摘要
A simple procedure to plan, verify and implement craniospinal irradiation(CSI) with patients supine is presented. Treatment is conducted with a single posterior spinal field abutting two lateral cranial fields. The opposed lateral fields are half-blocked and the inferior line is perpendicular. The posterior field uses some fixed field parameters so that the cephalad edge of the posterior field is coplanar with the caudal edges of the lateral fields and it is independent of the height of the couch. A steel-shot ball is used to measure the size of overlap or gap at the junction using portal images of an electron portal image device or portal films. The results of analyzing the portal images show that the errors of the junction are within ± 1 mm. The dose-volume histograms (DVHs)show that there are not unbearable hot or cold spots in the clinic target volumes (CTVs). Supine craniospinal treatment is a reliable and convenient alternative to treatment in the prone position and avoids the technical difficulties of the latter. The use of fixed field geometry greatly facilitates treatment planning and effectively reduces the amount of time of setup, verification and treatment.

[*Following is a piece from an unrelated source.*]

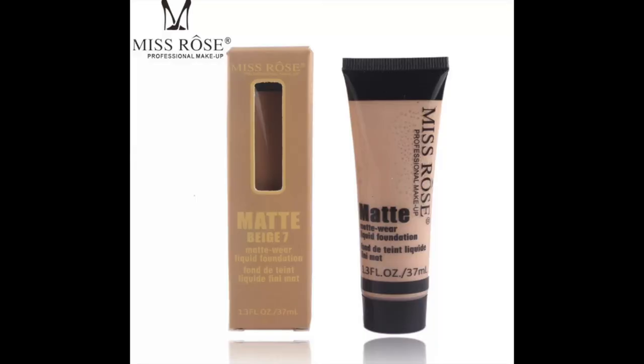Hello there and welcome back to my channel. Today we're going to be trying out a foundation from the Miss Rose brand. I purchased this foundation from AliExpress and it cost me £1.91. This is what the foundation looks like — she's called Matte. It's very simple, to the point, direct. And I have her in the shade Light.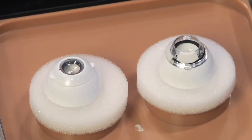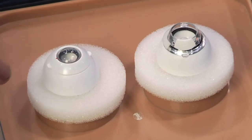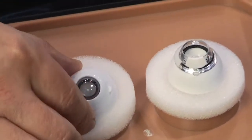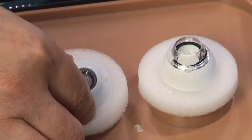The scleral shell attaches to the corneal shell and the special design of the base allows for ocular mobility. This ocular mobility is what gives the Kataro system such a high degree of likeness to the human eye for the surgeon.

提出了一种全新的仰卧位全中枢神经系统放射治疗技术,包括计划、验证和执行.治疗采用2个侧向全颅野加一个背侧的全脊髓野,2侧全颅野采用半野技术,下界共面并垂直于地面;固定全脊髓野一些参数以方便设计及摆位,并且上界与全颅野下界共面.贴一4mm直径的金属小球在衔接处,通过射野摄片确定衔接野的误差.结果显示衔接野误差小于1mm.剂量体积直方图表明在临床靶体积内没有不可接受的剂量热点和冷点.仰卧位全中枢神经系统放射治疗技术方便可靠,完全可以替代传统的俯卧位技术,解决了俯卧位技术无法解决的剂量冷、热点问题.固定射野参数大幅度降低了计划设计的难度,并且有效减少了患者摆位、验证和治疗的时间.